It was 1993. I slid the cassette into my Walkman and clicked it shut. My mom was running an errand, and I was waiting for her in the car, which was parked near a lumber mill in Kelowna, BC. We’d just stopped by my local record store, where I bought Reachin’ (A New Refutation of Time and Space) by Digable Planets.
As soon as I pressed play, I couldn’t help feeling I had heard it before. And I don’t mean from the radio or even from its samples: it was as if I had already listened to the whole album in a dream. As each song played, this uncanny feeling not only persisted but intensified: this album was realizing sounds that were somehow already in my head.

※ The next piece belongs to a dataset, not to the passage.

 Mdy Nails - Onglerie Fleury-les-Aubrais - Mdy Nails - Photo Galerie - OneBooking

The same thing happened in 2009 with Ishmael Butler’s more recent project, Shabazz Palaces: the soundscape again seemed telegraphed into my brain. I tried to explain this to him when I saw Shabazz Palaces at a bar in Bellingham in 2010—I wanted also to say that he, Q-Tip, and Chuck D, along with a few family friends, had formed how I saw the world, but I didn’t want to seem like That White Dude, so I simply told him how much his music meant to me. “I appreciate it, man,” he said, smiling coyly. He gently bumped his chest and then shook my hand.
Now it’s 2020. I’m confined in my Paris apartment, listening to the most recent Shabazz Palaces album, The Don of Diamond Dreams. With every new release Shabazz seems to fold together various eras of hip-hop and beyond—Bambaataa futurism, Digable jazz-rap, Soundcloud swagger, South African kwaito. It reaches to harmonize various styles, transnational and transtemporal, while staying grounded in the specific Seattle aesthetic the group has forged over the past decade: the sound of someone singing in their sleep.

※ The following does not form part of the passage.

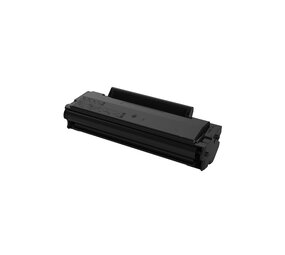 Merkloos PA-210 zwart toner - huismerk voor Pantum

Early in the album, Butler says, “Algiers is thick out in Paris.” It’s a line I can’t help but feel. When I leave my apartment in the 5th arrondissement for weekly groceries, I face the Grand Mosque of Paris; before the confinement, one of my favorite parts of the week was watching the crowds gather for Friday prayers, the whole Sunni Muslim world in its diversity congregating on a small corner of the French capital. At around one in the afternoon, the sidewalk of my street would spill over with North Africans, West Africans, Malaysians, Indonesians, Turks, and Arabs in colorful djellabas and kufis, all heading to the mosque to pray.
Inside my apartment, even if the windows were closed, I knew when the service was starting. The faint sound of the unamplified call to prayer echoed off the buildings, and the chanting sounded like a sample buried deep within a Shabazz track. Like something I’ve heard before. It all seems unimaginably far from Kelowna, yet incredibly familiar.
“Echo through the time like scripture,” sings Purple Tape Nate on “Fast Learner.” It’s another line that hits me—echo through time. It brings me to places I’ve already been, where I find myself, where I might yet go again.
The days blend. I listen to Butler’s entire discography. Time and space seem all messed up—refuted. I wake up from dreams with these songs in my head. For the foreseeable future, no live shows will happen, and even if they did I doubt I’d have the chance to shake his hand again.